Consciousness in Artificial Intelligence: New Insights from Neuroscience

A new interdisciplinary report, which counts as one of its co-authors, Yoshua Bengio, the Turing Award winner, examines whether current or near-future artificial intelligence (AI) systems could be conscious, drawing on scientific theories about the basis of consciousness in the human brain. The paper doesn’t claim that existing AI is conscious, but it does suggest there are no “obvious technical barriers” to building such systems.

The report proposes that progress can be made on the perplexing issue of machine consciousness by looking at neuroscientific theories which enjoy empirical support and describe the functions associated with consciousness in humans. The authors argue that if a philosophical position called “computational functionalism” is correct – the idea that performing certain computations is sufficient for consciousness regardless of the substrate – then similar computations could also give rise to consciousness in AI systems.

Indicator Properties

The report surveys prominent neuroscientific theories of consciousness, including the “global workspace theory”, the “recurrent processing theory”, and “higher-order” theories. From these theories, the authors derive a list of “indicator properties” of consciousness, such as using algorithmic recurrence, metacognitive monitoring to distinguish signal from noise, and modelling sensorimotor contingencies. They suggest current machine learning techniques could be used to construct systems exhibiting these properties.

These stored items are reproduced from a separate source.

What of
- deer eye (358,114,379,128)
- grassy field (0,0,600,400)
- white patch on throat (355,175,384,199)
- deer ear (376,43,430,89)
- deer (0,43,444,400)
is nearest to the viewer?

The report also examines whether any existing AI systems possess these indicator properties, considering large language models, a reinforcement learning agent controlling a simulated rodent, and other cases. The analysis illustrates how the indicator properties can be used to evaluate systems, but does not find strong evidence that current systems meet the conditions for consciousness.

A key conclusion is that conscious AI may be possible in the near term, perhaps within decades, if computational functionalism is true. The report stresses the need for further interdisciplinary research, given the profound implications of conscious AI. It also emphasises that we must consider the possibility of consciousness when developing increasingly capable AI systems.

The authors also point to two significant risks: under-attributing and over-attributing consciousness to AI. The former risk could lead to a situation where we create conscious AIs without recognizing them as such, while the latter could result in unjustly attributing consciousness where there is none.

The report represents a significant advance in rigorous, empirically-grounded analysis of machine consciousness. While not ruling out the possibility of conscious AI, the authors illustrate that we are not there yet. But we may be closer than many imagine.